# who plays in modesto cal



## sky_fox (Oct 23, 2002)

i just moved down here to modesto i whant to play d&d but i dont know anyone here, help i going through withdraws lol so if u can help me out thanks


----------



## BLACKDIRGE (Oct 30, 2002)

Wow. I am from Modesto, born and raised. I live in san diego now but I visit family there all the time. My best advise to you would be to check out "The Gauntlet", its the local gaming store. You can find it on 11th st downtown. You should be able to find a group to play with there, just have a look at there message boards.

Hope this helps a bit.

Dirge


----------



## Dark Ranger (Nov 11, 2002)

In December there is a Living Greyhawk convention called Winter Weekend in the Pale that will be taking place in Tracy (about 20+minutes fron Modesto) on the weekend of December 12-15. 

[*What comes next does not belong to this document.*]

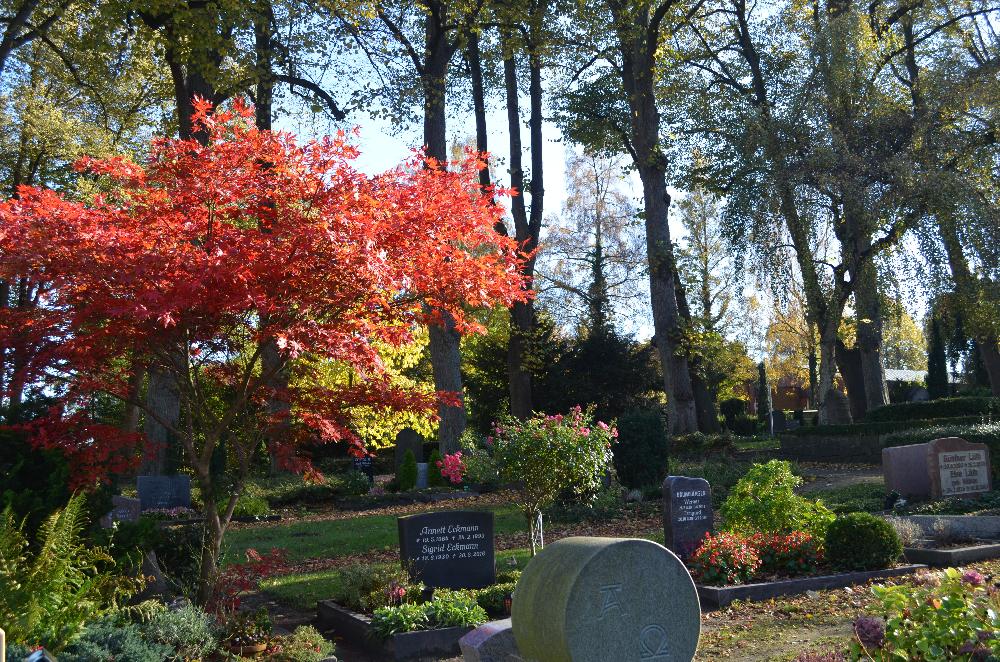 Grabpflege Herbst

Maybe you can meet some locals there. Good luck!


----------



## Drago (Nov 12, 2002)

There's DunDraCon in Feb. in San Ramon on Presidents 
week-end . You will get to meet lots of locals .


----------



## Dr Lucky (Nov 19, 2002)

The Gauntlet moved.  It hasn't been on 11th street for ages.  They moved on to Prescott by the old Costco building, and then they moved again really recently.  I don't know the new address, I think it's on Coffee Rd, somewhere between Sylvan and Rumble.  Just call them at (209)526-5591.  It is a great place to find gamers and gaming stuff.
I'm not from Modesto, but I just moved away from Manteca, also to San Diego.  Funny coincidence.


----------